Task:
Only the pictures should be dropped; every line of the data must come back exactly as written.

Given data:
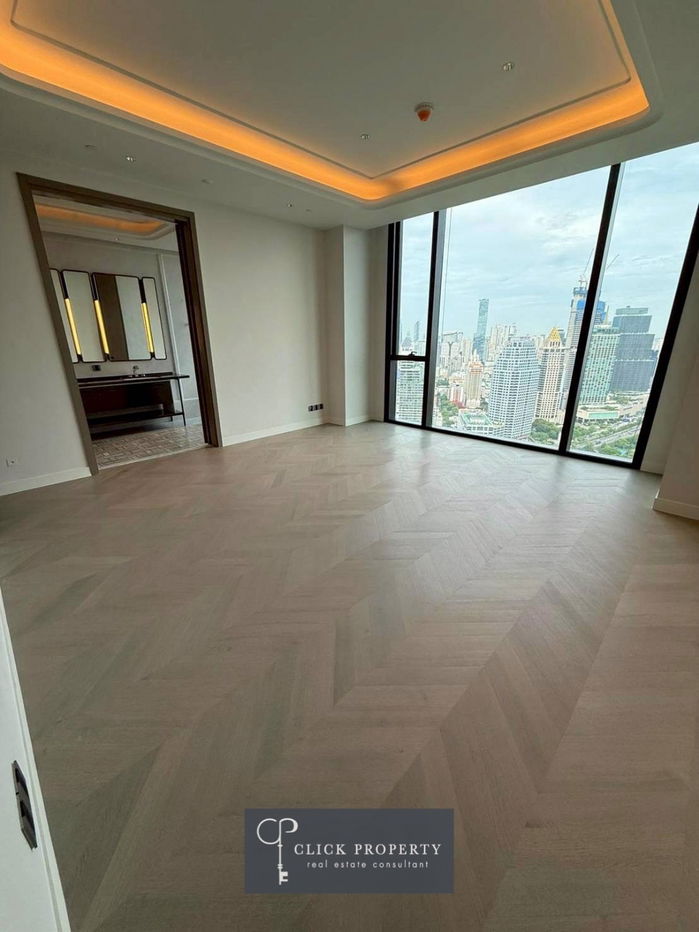 รูป ❖ Prime Location ❖ High floor, 261.00 ตร.ม. | 3 ห้องนอน, 4 ห้องน้ำ, Powder room | คอนโดใกล้ One Bangkok, สวนลุมพินี 1 นาที, MRT ลุมพินี 2 นาที - รูปที่ 2/14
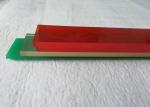 3660mm 55A Polyurethane Screen Printing Squeegee Blades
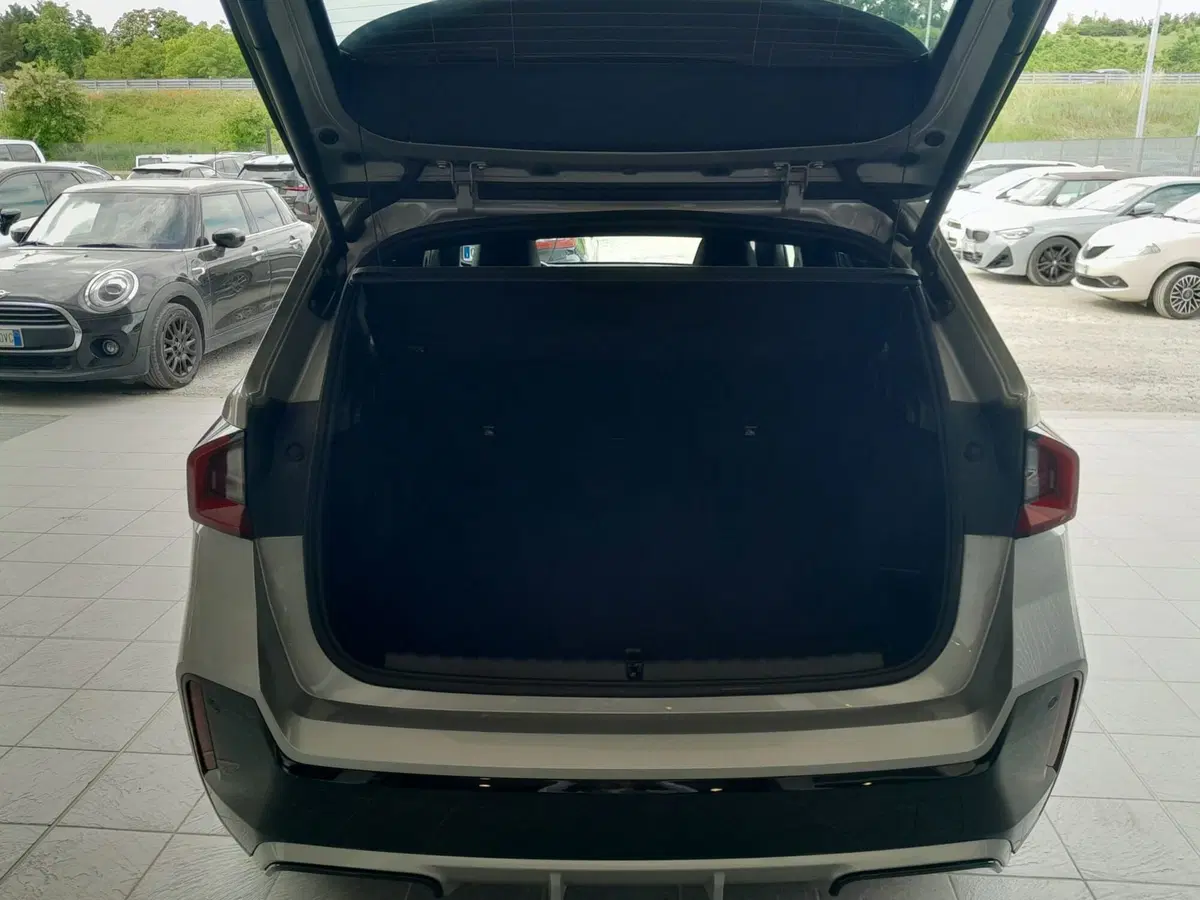 BMW X1 usata a Asti (11)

Answer section:
 รูป ❖ Prime Location ❖ High floor, 261.00 ตร.ม. | 3 ห้องนอน, 4 ห้องน้ำ, Powder room | คอนโดใกล้ One Bangkok, สวนลุมพินี 1 นาที, MRT ลุมพินี 2 นาที - รูปที่ 2/14
 3660mm 55A Polyurethane Screen Printing Squeegee Blades
 BMW X1 usata a Asti (11)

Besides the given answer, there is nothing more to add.